The Court requested if he had anything further to observe.
He said that nothing more occurred
to him, except that the sooner his
Excellency’s approbation of
the sentence was obtained the better.
This is Tone’s speech, as reported in the public prints at that time, but the recently-published “Correspondence” of Lord Cornwallis—Lord Lieutenant in those days—supplies a portion of the address which was never before published, the Court having forbade the reading of it at the trial. The passage contains a noble outburst of gratitude towards the Catholics of Ireland. Tone himself, as every reader is aware, was a Protestant, and there can have been no reason for its suppression except the consideration that it was calculated to still more endear the prisoner to the hearts of his countrymen. We now reprint it, and thus place it for the first time before the people for whom it was written:—
“I have laboured to create a people in Ireland by raising three millions of my countrymen to the rank of citizens. I have laboured to abolish the infernal spirit of religious persecution, by uniting the Catholics and Dissenters. To the former I owe more than ever can be repaid.
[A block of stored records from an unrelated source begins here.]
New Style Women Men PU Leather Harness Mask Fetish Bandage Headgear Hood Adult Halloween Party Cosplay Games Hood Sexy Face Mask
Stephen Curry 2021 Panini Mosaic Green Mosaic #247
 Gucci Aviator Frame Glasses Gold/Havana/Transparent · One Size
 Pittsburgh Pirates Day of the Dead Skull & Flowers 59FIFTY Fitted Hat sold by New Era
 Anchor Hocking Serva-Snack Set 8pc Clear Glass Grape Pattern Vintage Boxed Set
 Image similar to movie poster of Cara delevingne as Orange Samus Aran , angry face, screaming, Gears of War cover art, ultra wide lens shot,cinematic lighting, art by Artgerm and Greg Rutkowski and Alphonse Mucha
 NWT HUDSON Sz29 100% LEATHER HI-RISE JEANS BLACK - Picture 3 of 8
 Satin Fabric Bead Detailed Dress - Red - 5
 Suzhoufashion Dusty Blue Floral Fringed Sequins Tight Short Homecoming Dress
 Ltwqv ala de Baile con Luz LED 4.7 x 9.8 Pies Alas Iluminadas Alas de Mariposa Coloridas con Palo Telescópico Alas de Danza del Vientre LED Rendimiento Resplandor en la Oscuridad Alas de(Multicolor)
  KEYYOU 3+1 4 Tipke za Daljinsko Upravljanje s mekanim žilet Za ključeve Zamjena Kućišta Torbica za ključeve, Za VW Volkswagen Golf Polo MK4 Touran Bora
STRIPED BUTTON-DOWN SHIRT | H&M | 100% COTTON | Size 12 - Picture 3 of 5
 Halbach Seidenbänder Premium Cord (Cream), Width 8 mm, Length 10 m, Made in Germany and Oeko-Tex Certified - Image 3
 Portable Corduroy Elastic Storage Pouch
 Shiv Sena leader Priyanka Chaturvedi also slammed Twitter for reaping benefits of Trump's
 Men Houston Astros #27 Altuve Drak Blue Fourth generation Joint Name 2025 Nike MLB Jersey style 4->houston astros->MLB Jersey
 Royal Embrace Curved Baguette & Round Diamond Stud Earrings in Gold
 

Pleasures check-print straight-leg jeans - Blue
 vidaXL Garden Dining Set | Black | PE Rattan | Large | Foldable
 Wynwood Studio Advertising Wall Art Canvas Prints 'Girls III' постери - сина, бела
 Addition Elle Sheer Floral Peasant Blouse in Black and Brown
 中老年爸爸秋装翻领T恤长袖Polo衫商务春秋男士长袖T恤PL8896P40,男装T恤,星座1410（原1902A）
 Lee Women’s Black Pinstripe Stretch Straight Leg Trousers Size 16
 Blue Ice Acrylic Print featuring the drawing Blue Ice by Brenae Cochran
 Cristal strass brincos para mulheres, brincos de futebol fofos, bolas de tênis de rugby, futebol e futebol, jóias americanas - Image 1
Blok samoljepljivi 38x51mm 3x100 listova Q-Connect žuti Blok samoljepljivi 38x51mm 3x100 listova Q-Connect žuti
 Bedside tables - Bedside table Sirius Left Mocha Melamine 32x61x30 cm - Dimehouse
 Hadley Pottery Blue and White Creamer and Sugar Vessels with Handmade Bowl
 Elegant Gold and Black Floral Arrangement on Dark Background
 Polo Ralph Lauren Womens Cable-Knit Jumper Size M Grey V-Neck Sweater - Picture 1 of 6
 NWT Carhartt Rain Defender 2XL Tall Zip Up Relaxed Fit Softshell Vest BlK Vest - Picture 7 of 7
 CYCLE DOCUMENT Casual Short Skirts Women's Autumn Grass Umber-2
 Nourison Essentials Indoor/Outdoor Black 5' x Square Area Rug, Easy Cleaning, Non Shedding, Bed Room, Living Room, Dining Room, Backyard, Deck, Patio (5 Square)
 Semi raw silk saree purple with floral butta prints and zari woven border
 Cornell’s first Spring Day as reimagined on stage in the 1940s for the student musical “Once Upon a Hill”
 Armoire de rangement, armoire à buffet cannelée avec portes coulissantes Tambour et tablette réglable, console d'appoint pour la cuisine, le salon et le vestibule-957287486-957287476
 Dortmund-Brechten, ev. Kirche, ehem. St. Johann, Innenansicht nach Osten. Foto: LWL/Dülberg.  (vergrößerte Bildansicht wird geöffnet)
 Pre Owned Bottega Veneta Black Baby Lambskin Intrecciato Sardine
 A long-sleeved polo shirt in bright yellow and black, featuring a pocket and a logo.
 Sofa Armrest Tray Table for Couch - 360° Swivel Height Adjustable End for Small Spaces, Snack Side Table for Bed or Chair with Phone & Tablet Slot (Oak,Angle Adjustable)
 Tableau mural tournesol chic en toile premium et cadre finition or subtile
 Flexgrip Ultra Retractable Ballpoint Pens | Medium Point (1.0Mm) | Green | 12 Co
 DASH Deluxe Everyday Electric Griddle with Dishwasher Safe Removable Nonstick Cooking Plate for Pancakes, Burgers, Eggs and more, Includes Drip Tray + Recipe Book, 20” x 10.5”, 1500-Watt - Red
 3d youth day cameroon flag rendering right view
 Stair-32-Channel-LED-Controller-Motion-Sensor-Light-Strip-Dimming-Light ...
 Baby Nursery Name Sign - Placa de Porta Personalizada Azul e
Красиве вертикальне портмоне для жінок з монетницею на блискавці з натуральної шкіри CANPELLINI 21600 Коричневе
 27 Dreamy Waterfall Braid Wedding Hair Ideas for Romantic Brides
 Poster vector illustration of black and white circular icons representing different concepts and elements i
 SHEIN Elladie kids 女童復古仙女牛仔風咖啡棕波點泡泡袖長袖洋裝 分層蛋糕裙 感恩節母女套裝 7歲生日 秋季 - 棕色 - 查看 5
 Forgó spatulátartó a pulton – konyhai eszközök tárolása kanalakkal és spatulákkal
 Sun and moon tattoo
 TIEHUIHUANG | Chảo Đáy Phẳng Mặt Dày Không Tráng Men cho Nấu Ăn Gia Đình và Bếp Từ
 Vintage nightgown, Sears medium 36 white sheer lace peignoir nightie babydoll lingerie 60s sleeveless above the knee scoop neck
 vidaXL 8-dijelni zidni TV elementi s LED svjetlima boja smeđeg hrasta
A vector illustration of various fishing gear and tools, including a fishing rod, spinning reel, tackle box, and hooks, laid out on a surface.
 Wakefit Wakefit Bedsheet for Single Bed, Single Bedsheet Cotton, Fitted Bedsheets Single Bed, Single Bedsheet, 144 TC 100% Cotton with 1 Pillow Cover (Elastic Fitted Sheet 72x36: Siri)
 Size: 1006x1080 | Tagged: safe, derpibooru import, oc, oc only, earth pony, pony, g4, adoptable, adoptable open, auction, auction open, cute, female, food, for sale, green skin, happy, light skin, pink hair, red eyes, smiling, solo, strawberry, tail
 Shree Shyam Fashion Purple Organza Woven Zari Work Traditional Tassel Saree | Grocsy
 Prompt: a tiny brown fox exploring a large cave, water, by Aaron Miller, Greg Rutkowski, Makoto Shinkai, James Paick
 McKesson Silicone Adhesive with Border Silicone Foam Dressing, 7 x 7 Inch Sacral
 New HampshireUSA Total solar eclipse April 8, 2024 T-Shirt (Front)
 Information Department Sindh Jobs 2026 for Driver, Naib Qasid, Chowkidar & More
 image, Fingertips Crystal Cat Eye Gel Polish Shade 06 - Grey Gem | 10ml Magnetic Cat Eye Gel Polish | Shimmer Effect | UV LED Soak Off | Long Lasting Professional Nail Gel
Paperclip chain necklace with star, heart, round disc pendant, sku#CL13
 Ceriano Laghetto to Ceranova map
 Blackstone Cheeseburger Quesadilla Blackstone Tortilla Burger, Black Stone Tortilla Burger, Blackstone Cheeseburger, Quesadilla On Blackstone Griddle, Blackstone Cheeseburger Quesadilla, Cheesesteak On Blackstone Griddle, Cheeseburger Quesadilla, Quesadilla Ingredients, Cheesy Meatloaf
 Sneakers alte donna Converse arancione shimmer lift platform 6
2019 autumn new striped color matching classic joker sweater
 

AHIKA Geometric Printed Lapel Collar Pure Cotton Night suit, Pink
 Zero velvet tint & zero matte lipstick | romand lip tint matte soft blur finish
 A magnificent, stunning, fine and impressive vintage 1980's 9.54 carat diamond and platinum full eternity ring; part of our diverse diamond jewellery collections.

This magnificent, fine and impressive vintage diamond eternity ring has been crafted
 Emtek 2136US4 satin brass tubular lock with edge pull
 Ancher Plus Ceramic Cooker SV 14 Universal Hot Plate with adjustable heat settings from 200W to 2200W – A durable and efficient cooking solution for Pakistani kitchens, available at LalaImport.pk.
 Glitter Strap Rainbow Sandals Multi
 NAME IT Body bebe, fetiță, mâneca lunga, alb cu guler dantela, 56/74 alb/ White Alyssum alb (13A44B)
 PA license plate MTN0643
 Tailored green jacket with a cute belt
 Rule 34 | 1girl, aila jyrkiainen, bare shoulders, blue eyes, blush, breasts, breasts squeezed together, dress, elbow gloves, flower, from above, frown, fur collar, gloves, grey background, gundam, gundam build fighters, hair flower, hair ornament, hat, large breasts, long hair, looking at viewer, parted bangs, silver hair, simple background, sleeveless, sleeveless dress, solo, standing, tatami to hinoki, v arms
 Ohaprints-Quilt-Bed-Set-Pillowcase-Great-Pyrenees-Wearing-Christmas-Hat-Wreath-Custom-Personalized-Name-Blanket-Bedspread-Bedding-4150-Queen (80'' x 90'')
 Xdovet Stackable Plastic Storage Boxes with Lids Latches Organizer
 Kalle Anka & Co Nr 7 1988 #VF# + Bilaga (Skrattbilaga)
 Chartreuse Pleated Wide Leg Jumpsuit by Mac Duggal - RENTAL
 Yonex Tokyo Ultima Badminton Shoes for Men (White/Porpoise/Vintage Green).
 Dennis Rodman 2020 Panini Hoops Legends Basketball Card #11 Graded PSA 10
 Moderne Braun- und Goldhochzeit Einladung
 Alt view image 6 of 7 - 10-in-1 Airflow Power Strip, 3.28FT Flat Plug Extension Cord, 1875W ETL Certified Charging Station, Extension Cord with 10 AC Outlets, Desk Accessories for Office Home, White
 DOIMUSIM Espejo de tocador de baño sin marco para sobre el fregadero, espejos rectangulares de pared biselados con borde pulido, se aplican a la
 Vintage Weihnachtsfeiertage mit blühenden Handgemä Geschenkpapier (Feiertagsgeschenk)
The services I was so fortunate as to render them they rewarded munificently; but they did more: when the public cry was raised against me—when the friends of my youth swarmed off and left me alone—the Catholics did not desert me; they had the virtue even to sacrifice their own interests to a rigid principle of honour; they refused, though strongly urged, to disgrace a man who, whatever his conduct towards the government might have been, had faithfully and conscientiously discharged his duty towards them; and in so doing, though it was in my own case, I will say they showed an instance of public, virtue of which I know not whether there exists another example.”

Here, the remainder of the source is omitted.